We aren’t the only weirdos in our neighborhood who live abroad for part of the year. I present Gerard, who lives down the hill from The Spartan Woman’s and my Staten Island home. He’s a photographer who has a business making beautiful photographic prints. If you’ve been to any photo exhibit in the recent past, most likely you’ve seen his exhibition prints.
Gerard, a first generation American of Italian parents, also has a family home in the hills south of Rome and north of Naples. He and his father bought the house back; it had been out of the family for some time. So he and his wife and family spend some time there each year. It was fun a couple of years ago to see Gerard in Perugia. He and his wife Toni Ann were driving around Central Italy and for a few hours, Perugia had a contingent of Randall Manor residents wandering around—we’re good tour guides—and having a terrific lunch at Il Cantinone.
Last weekend, Gerard’s photos featured in an opening of an exhibit of local photographers. His photos depict the woods in our neighborhood. I’m still amazed after nearly 30 years of moving here that we have a forest in the middle of what is a fairly dense North Shore Staten Island neighborhood. For an hour or so, you can wander past a pond and into the forest, following trails that scale a couple of hills and wind up at another pond. You’d never know that you’re in New York City.


But back to the exhibit. It was held, appropriately enough, at the Alice Austen House. Now a museum, the gracious estate was once the home of one of Staten Island’s stars, the photographer Alice Austen. When she lived there, the place was called Clear Comfort, and it’s in a beautiful spot right at the edge of New York Harbor. From the rolling lawn that descends to the bay, you can see Brooklyn, the Verrazano-Narrows Bridge, Manhattan, and New Jersey.
Austen, who died in 1952, was an intriguing character. A member of Staten Island’s upper class, she got a camera from her uncle and was immediately hooked. She photographed her friends and family playing tennis, mugging for her on the beach, and attending fashionable parties. She also ventured into Manhattan and photographed people on the streets, many of them poor immigrants scrambling to make a living. Try to imagine a young woman more than 100 years ago hauling cumbersome cameras around and the heavy glass plates that she used as film. (Remember film?)


She and her friends called their doings “the larky life.” And there was something else about Austen that until recently, the prissy Staten Island Advance (the only local daily in New York) never mentioned: Austen was gay. She had a long relationship with another woman and because of her social standing and personal wealth, she broke free of the constraints that women of her time had to live under.

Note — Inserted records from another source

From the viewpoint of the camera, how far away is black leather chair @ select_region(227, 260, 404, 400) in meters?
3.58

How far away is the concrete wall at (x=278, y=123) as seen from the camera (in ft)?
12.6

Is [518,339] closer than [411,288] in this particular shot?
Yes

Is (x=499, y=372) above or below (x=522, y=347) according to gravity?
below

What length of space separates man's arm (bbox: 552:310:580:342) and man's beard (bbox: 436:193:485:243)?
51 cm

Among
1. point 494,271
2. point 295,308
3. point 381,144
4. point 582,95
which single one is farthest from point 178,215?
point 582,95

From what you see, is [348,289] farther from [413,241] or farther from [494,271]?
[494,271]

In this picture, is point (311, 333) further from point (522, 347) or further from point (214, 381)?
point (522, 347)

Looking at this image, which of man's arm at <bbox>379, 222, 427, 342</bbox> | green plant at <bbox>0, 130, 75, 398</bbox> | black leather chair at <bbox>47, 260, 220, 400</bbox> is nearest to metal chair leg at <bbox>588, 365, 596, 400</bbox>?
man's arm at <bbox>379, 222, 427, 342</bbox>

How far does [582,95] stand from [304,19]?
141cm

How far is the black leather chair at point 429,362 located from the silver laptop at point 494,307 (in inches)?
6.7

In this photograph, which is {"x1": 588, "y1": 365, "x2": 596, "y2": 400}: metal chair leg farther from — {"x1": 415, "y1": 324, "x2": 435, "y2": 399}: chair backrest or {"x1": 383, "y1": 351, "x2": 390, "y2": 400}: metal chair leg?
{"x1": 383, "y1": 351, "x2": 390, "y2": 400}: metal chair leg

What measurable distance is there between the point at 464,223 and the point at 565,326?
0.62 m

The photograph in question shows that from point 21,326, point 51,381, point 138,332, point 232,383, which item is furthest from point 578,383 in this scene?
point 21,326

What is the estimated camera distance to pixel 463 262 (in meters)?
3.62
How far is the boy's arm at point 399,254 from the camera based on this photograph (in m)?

I WAS THINKING OF Alice earlier this week when Staten Island’s St. Patrick’s Day parade took place. It’s earlier than the bigger city parade, presumably so underage alcohol abusers could have an extra day to get wasted. The parade is notorious for another reason: It’s the only St. Pat’s parade that every single damn year bars the local Pride Center and the police gay group from marching as groups. It’s straight out of the Taliban’s playbook. Every year our friend Carol Bullock, the genial and all-around cool head of the Pride Center applies to march in the parade. And every year, parade committee chief Larry Cummings turns her down.

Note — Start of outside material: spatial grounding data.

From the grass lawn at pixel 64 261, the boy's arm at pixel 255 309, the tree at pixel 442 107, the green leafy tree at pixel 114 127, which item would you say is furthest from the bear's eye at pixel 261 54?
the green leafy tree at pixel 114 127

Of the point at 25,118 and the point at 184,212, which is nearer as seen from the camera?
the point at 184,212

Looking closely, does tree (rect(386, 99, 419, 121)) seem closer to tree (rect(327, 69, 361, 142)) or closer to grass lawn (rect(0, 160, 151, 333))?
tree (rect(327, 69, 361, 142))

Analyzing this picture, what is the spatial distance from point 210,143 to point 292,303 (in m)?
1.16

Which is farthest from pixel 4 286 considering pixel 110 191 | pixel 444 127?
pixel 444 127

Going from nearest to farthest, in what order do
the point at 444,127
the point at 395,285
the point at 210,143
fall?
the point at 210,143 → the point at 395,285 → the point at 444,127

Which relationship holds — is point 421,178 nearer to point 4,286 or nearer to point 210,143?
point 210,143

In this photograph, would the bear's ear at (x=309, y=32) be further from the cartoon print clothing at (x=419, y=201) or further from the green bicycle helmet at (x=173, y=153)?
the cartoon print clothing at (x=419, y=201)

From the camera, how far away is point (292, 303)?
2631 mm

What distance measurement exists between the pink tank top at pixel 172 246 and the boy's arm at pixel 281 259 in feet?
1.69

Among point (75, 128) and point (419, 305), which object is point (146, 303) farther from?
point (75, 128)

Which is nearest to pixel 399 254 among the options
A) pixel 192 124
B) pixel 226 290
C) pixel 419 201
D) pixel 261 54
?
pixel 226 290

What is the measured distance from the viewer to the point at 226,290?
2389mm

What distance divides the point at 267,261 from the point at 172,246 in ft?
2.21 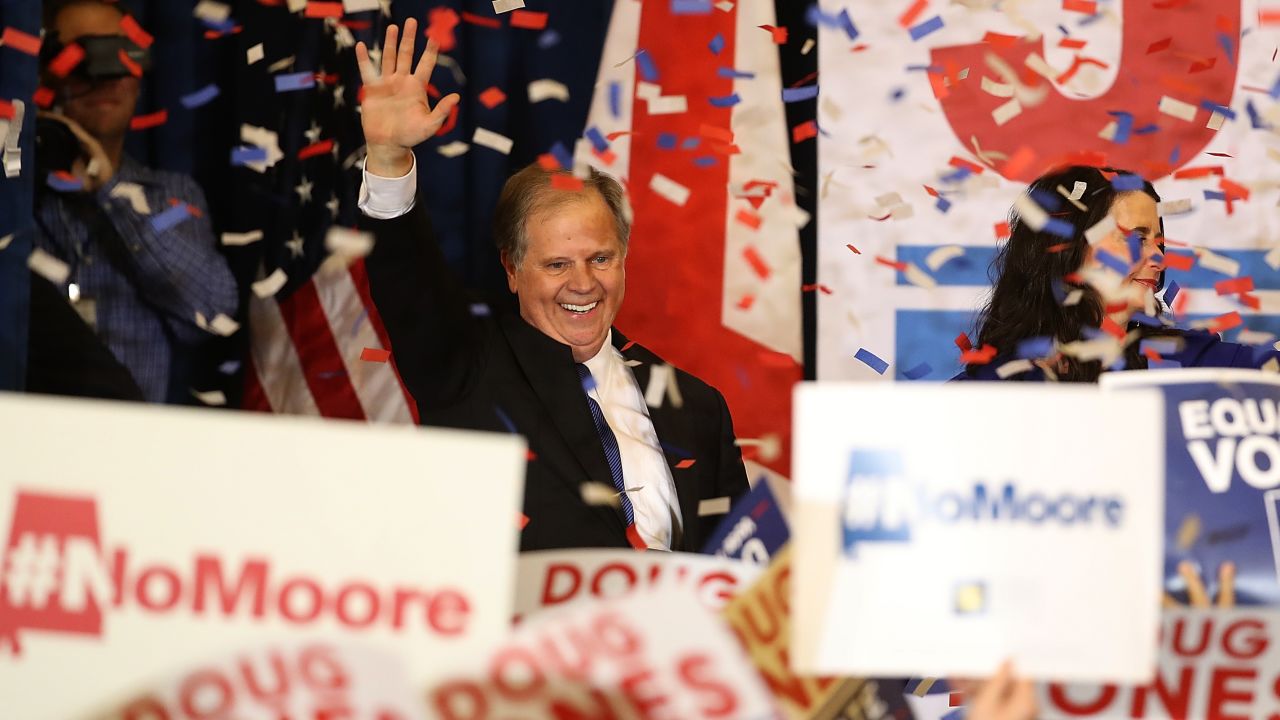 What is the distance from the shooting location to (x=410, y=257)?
2.12m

Cummings hides behind what he maintains are Catholic teachings about homosexuality. Yet his boss in religious matters, Pope Francesco, in an interview in January with The Associate Press said: “Being homosexual isn’t a crime.” Noting that some prominent clergy back anti-gay laws, he added, “These bishops have to have a process of conversion,” and they should apply “tenderness, please, as God has for each one of us.”
The situation reached a head this year. When Carol tried to submit her application, there was a physical altercation at a church where Cummings was taking parade applications, with that brave man Cummings shoving a press photographer. The police had to be called to calm things down, and Cummings remained a bigoted little soul who kept those nasty LGBTQ people out of his ever-shrinking parade.
Because of his stance, the island’s public high school marching bands won’t participate, and their youthful exuberance made the parade fun to watch. It seems that most of this year’s participants were motorcycling groups and guys with old cars. We can’t forget three local Republican politicians, including the borough president Vito Fossella, who achieved notoriety when, as a U.S. congressman, he kept another family in the D.C. area and it emerged only when he was arrested for DWI. Cummings is in great company.
I’m sure Austen would have appreciated, if not actually relished, the irony of how she became, as a fairly open gay woman, a Staten Island icon as a few 21st century Staten Islanders tarnish the reputation of her beloved hometown.
I’d never heard of Cummings before. Now that I’ve read about him, I’ll say this: he’s a f*cking jerk.